* _Instructions to follow_
Every line from the start of the entries up to and including the one bearing "Chapter 70, page 12" must be printed verbatim, without the pictures.
*** Opening of Extracted material ***
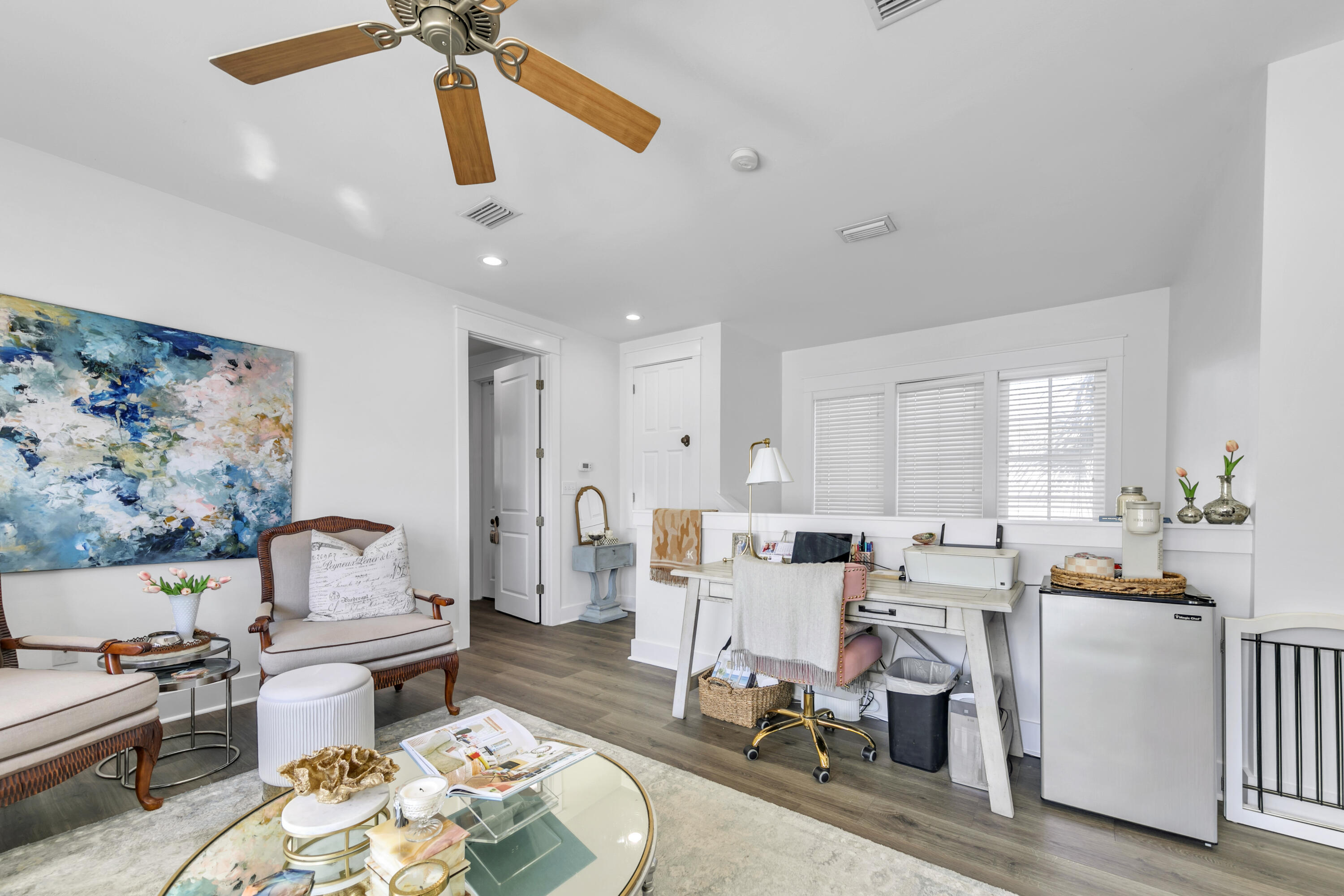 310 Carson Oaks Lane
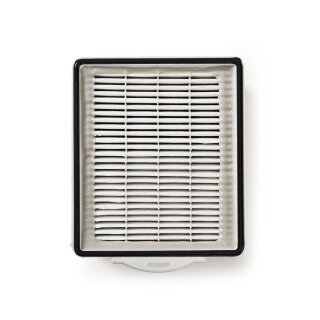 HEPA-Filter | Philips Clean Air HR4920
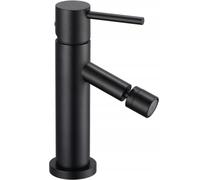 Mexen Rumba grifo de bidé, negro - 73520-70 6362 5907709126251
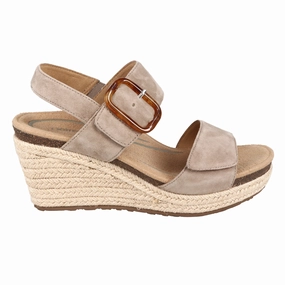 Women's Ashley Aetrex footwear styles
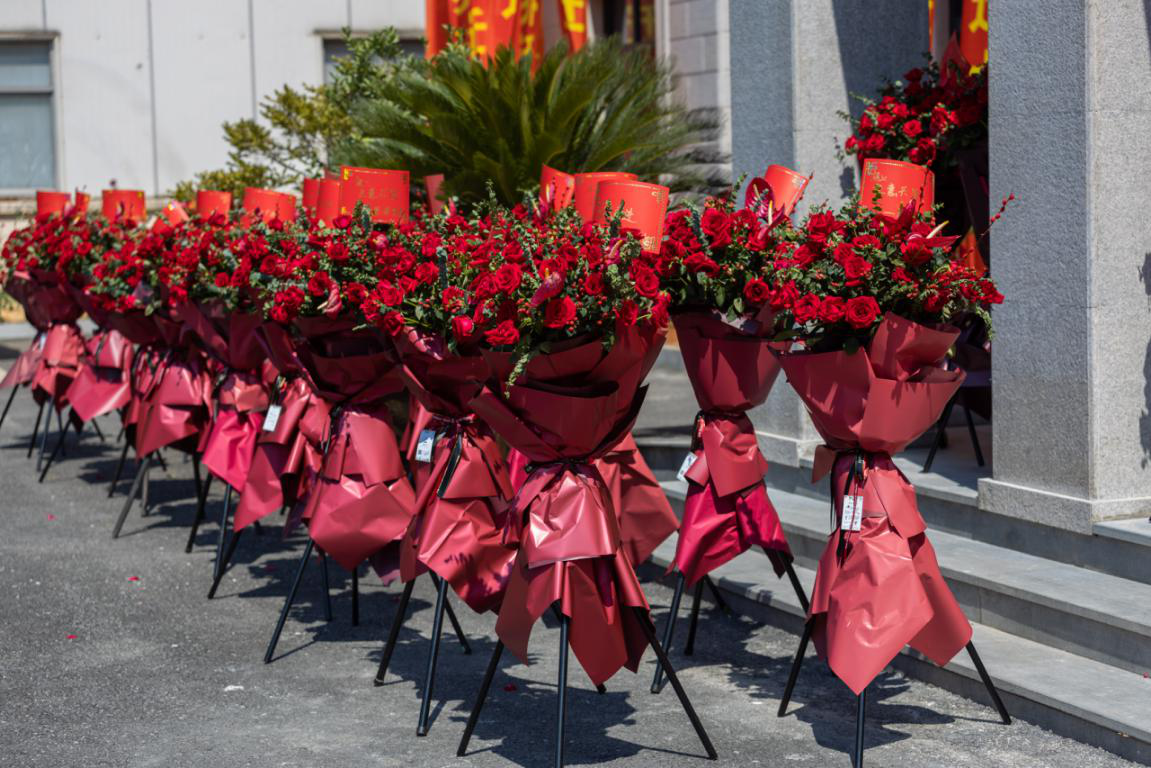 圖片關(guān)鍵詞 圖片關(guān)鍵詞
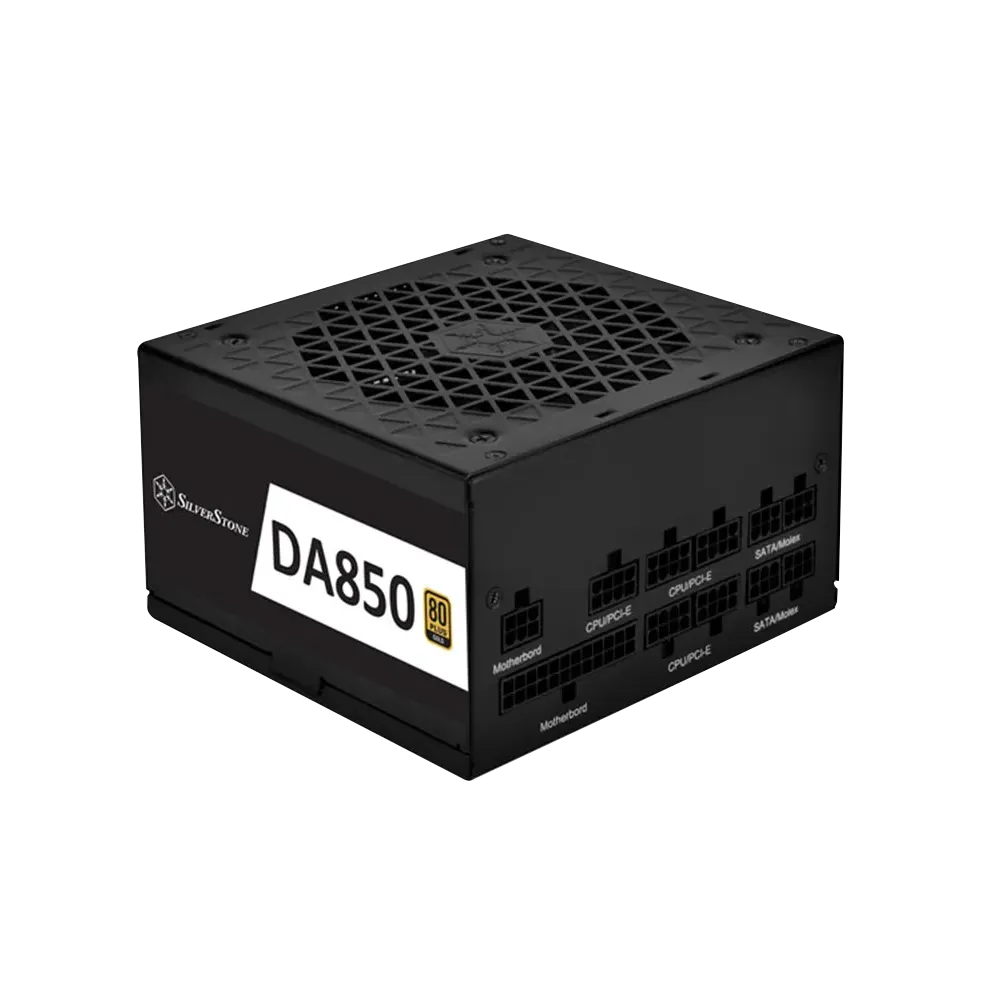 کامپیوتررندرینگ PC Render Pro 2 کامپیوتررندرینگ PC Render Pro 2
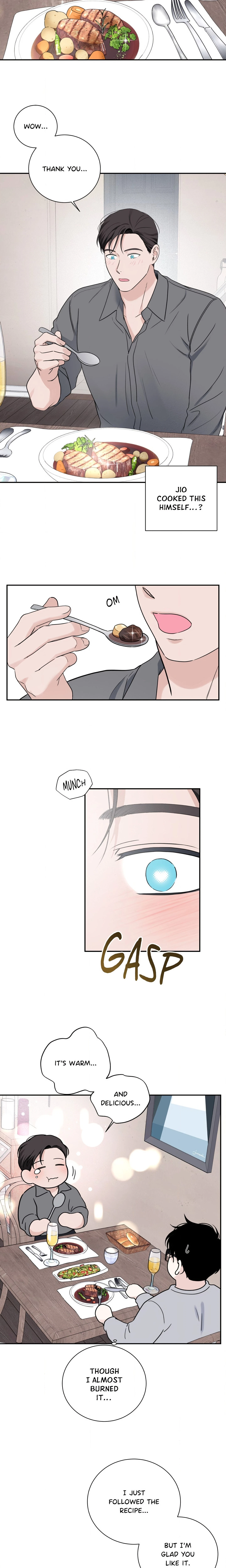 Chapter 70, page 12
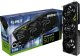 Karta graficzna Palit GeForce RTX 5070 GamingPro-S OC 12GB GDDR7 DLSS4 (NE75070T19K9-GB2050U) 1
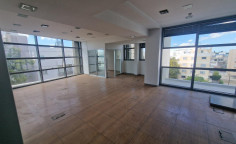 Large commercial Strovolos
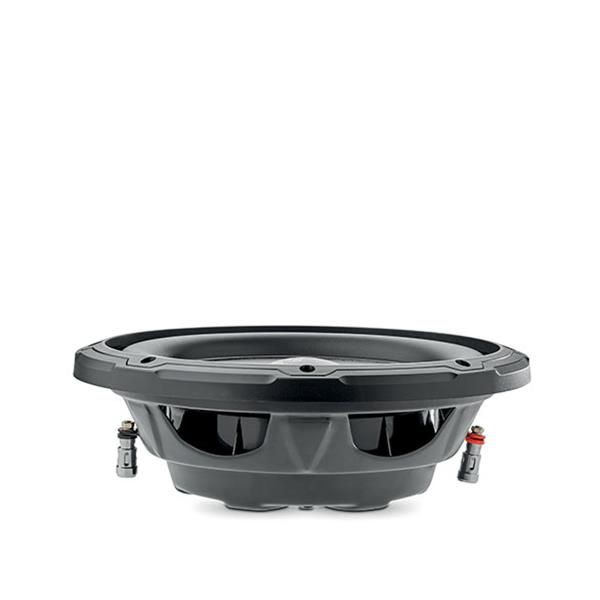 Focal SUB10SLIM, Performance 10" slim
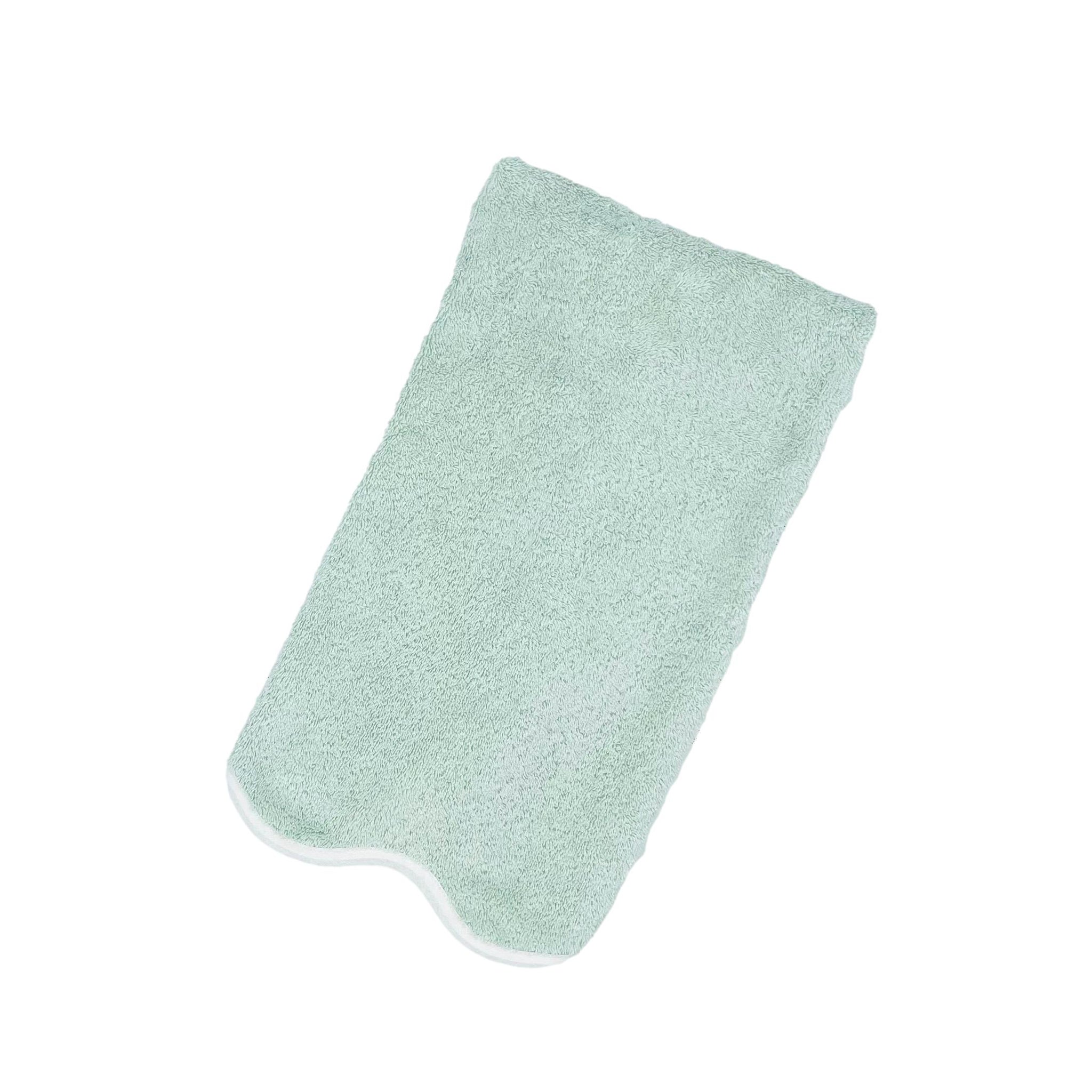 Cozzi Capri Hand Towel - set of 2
*** Close of Extracted material ***
* _Task solution_
 310 Carson Oaks Lane
 HEPA-Filter | Philips Clean Air HR4920
 Mexen Rumba grifo de bidé, negro - 73520-70 6362 5907709126251
 Women's Ashley Aetrex footwear styles
 圖片關(guān)鍵詞 圖片關(guān)鍵詞
 کامپیوتررندرینگ PC Render Pro 2 کامپیوتررندرینگ PC Render Pro 2
 Chapter 70, page 12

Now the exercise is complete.